* [Goal of the exercise]
Transcribe the entire listing exactly as it appears.

* [Data shown]
##########
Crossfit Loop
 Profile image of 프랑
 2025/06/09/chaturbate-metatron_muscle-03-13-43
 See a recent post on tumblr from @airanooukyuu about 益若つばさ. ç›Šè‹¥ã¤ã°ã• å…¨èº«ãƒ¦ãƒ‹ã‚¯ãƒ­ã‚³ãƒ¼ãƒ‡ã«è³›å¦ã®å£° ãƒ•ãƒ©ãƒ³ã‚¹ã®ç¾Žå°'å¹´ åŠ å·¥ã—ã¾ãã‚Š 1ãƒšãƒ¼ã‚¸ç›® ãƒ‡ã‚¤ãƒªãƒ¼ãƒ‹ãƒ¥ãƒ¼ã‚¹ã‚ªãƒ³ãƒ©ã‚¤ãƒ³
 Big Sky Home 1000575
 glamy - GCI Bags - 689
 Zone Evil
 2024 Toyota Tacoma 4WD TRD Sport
##########
* [Answer section]
Crossfit Loop
 Profile image of 프랑
 2025/06/09/chaturbate-metatron_muscle-03-13-43
 See a recent post on tumblr from @airanooukyuu about 益若つばさ. ç›Šè‹¥ã¤ã°ã• å…¨èº«ãƒ¦ãƒ‹ã‚¯ãƒ­ã‚³ãƒ¼ãƒ‡ã«è³›å¦ã®å£° ãƒ•ãƒ©ãƒ³ã‚¹ã®ç¾Žå°'å¹´ åŠ å·¥ã—ã¾ãã‚Š 1ãƒšãƒ¼ã‚¸ç›® ãƒ‡ã‚¤ãƒªãƒ¼ãƒ‹ãƒ¥ãƒ¼ã‚¹ã‚ªãƒ³ãƒ©ã‚¤ãƒ³
 Big Sky Home 1000575
 glamy - GCI Bags - 689
 Zone Evil
 2024 Toyota Tacoma 4WD TRD Sport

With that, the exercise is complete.